Faisal menjelaskan sumber daya alam Aceh tersebar di wilayah barat dan selatan, sementara sekitar 80 persen wilayah tengah Aceh adalah kawasan hutan yang harus dijaga kelestariannya. Dia menekankan pentingnya pengelolaan yang bijaksana terhadap kekayaan alam ini, agar dapat dimanfaatkan secara berkelanjutan untuk kemakmuran masyarakat Aceh.
“Kita memiliki sumber daya alam yang melimpah, dan tantangannya adalah bagaimana kita mengelola potensi tersebut dengan bijaksana, sesuai dengan anugerah yang diberikan Allah,” ujarnya.
Lebih lanjut, Faisal menjelaskan secara filosofis bahwa tambang dan sumber daya alam adalah milik negara, yang juga menjadi bagian dari hak Aceh.

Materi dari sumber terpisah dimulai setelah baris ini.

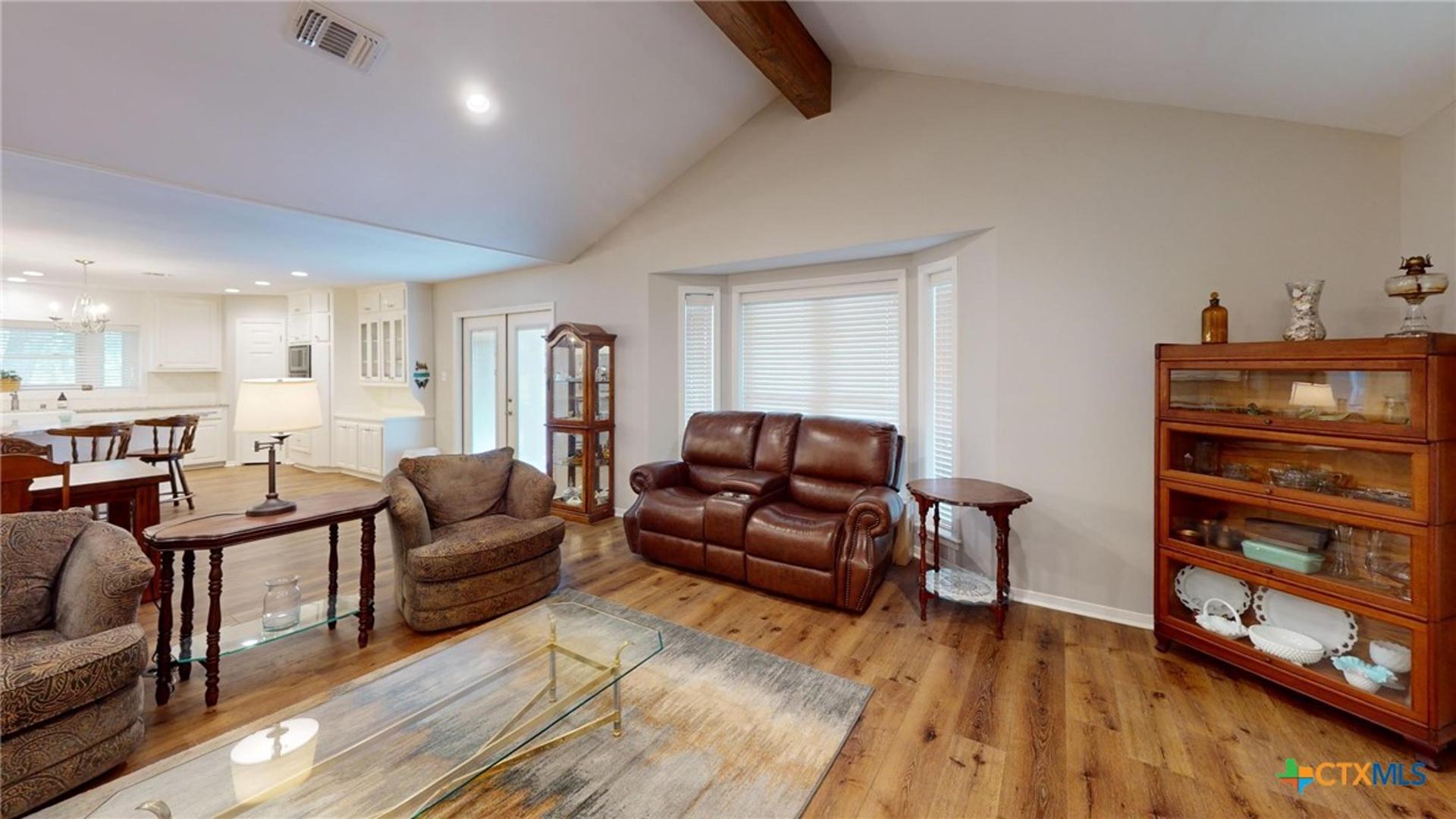 1371 Fannin Oaks, Victoria, TX, 77905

Oleh karena itu, pengelolaan sektor pertambangan dipercayakan kepada investor, mengingat pemerintah daerah tidak memiliki dana yang cukup untuk melakukan eksplorasi yang memerlukan biaya besar.
“Dengan demikian, pengusaha diberikan izin untuk mengelola tambang, dengan harapan dapat memberikan manfaat sebesar-besarnya bagi masyarakat, sesuai dengan amanah Pasal 33 UUD 1945,” tambah Faisal.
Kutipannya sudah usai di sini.